THE WHITE HOUSE: President Obama is forced to make a painful announcement this morning that General Motors has filed for Chapter 11 bankruptcy. As I said last night, the move isn't unexpected, but it's a painful blow to the President in the country. For a century now, the fate of GM has been notoriously linked to the fate of the U.S. economy. As part of the bankruptcy agreement, the government will give GM an additional $30 billion to help in restructuring. That will make the United States officially the majority owner in GM. The Canadian government, the UAW, and current bondholders will have the remaining stake in the company. The agreement calls for the closing over 12 to 20 factories, and will result in at least 21,000 people losing their jobs. The situation is lose-lose for Obama. He certainly does not want to be in the business of running an auto company. He is assuming all of the risk associated with GM, and will reap no rewards in the unlikely event that GM ends up turning a profit anytime soon. He'll also be chastised by Republicans, who have already called the bankruptcy deal, "government motors." If Republicans had their way, GM would have filed for bankruptcy in December, thousands of people would have already lost their jobs, and the ripple effect would be deeply felt across the economy. At least in this agreement, there is a structure in place to minimize losses and ensure at least minimal solvency for the next few months.

After today's announcement, the President packs his bag and heads to the Middle East for a crucial week-long trip. Tomorrow, the President travels to Riyadh, Saudi Arabia to meet with King Abdullah. I expect they'll talk about oil and other common security interests. The big event comes on Thursday, when President Obama delivers an address in Cairo, the capital of Egypt. This speech will fulfill the President's campaign promise to give a speech in a Muslim capital during his first six months in office. Quite honestly, this was one of the reasons I was so supportive of Obama during the primary season and general election campaign. He, more than anyone else, has the credibility to speak honestly and candidly to the Muslim world about what has gone on over the past 8 years, and what the U.S. and the Muslim world have to do to ensure lasting peace. There is a 100 percent chance that Obama will say something mildly critical of past U.S. behavior, and that Republicans will attack his patriotism. The Republican party is just so predictable. The President then travels to Dresden, Germany, to visit the Buchenwald Concentration Camp. I believe that is the camp that his uncle, Charles Payne, helped liberate as a member of Patton's army. On Saturday, the President goes to France to commemorate the 65th anniversary of D-Day.

CONGRESS: Congress is back in session for about a month. The big battles are mostly at the committee level right now. Senator Kennedy (D-MA) plans to bring up a comprehensive health care proposal to the Health, Education, Labor and Pensions committee in the next week. Senator Baucus (D-MT), chairman of the Finance committee, is working on his portion of the bill. I'll be interested to see whether the two can reconcile their ideological differences and come up with a cohesive product in the next week or so. The stars are really aligning for health reform right now, and the push will begin this month. The goal is for the Senate to pass its version of the bill before the August 7th recess.

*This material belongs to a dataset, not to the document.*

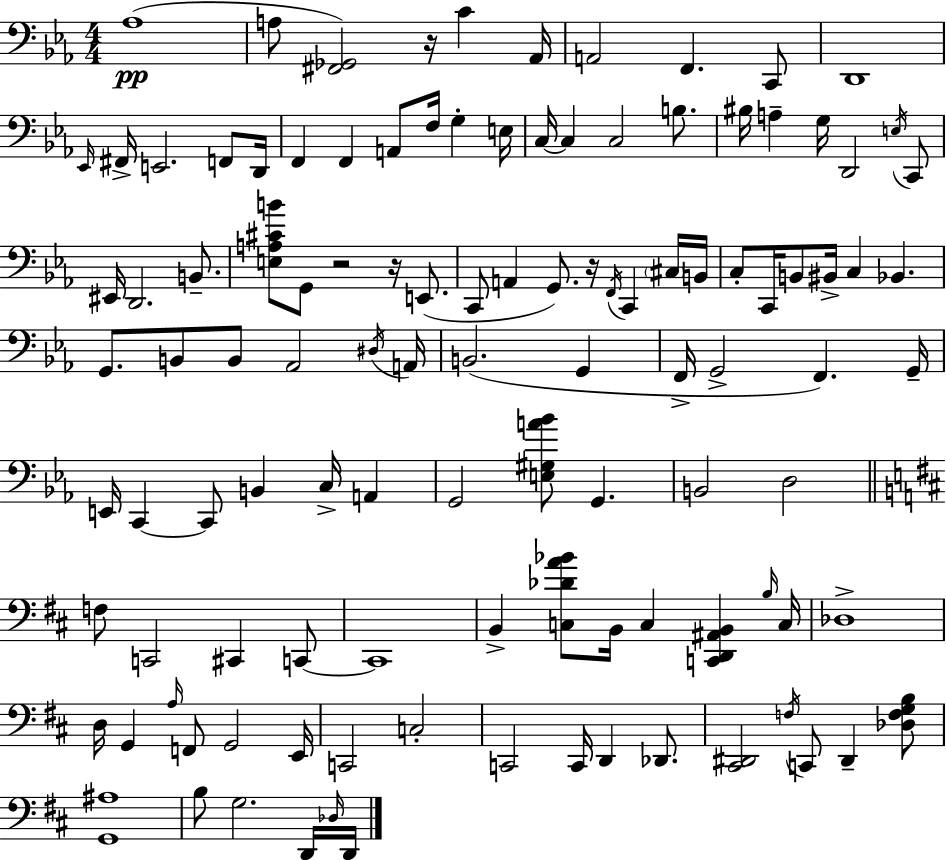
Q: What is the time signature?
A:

The House returns to work tomorrow and will consider a bunch of suspension bills. On Wednesday and Thursday, the House will consider a slew of relatively minor bills. The first would recognize the Lumbee tribe of North Carolina as a federally-protected Indian tribe, and would prohibit them from participating in gaming activities. The next bill does the same thing for a bunch of tribes in Virginia, including the Chickahominy Indian Tribe, the Chickahominy Indian Tribe-Eastern Division, the Upper Mattaponi Tribe, the Rappahannock Tribe, Inc., the Monacan Indian Nation, and the Nansemond Indian Tribe. Third, the House takes up a bill authorizing spending for the Transportation Security Administration. They were supposed to take up the bill before this last recess, but never got to it. The bill includes policy changes, like the expansion of a program for bomb-sniffing dogs. Sweet. Finally, the House will take up a bill that will give federal employees four weeks of paid parental leave upon the birth or adoption of a new child. This is one of those bills that is so fundamental to protecting workers and their children. I wish we could extend it to ALL employees, even those in the private sector. I expect the usual stupid objections from Republicans saying that the plan will cost too much.

The Senate this week will take up a bill dealing with anti-trust issues in the railroad industry. They will also vote tomorrow on the nomination of Regina McCarthy to be an administrator at the Environmental Protection Agency.

Both chambers could possibly take up a conference report on the bill to fund wars in Iraq and Afghanistan, should House and Senate leaders agree to a final version by the end of the week.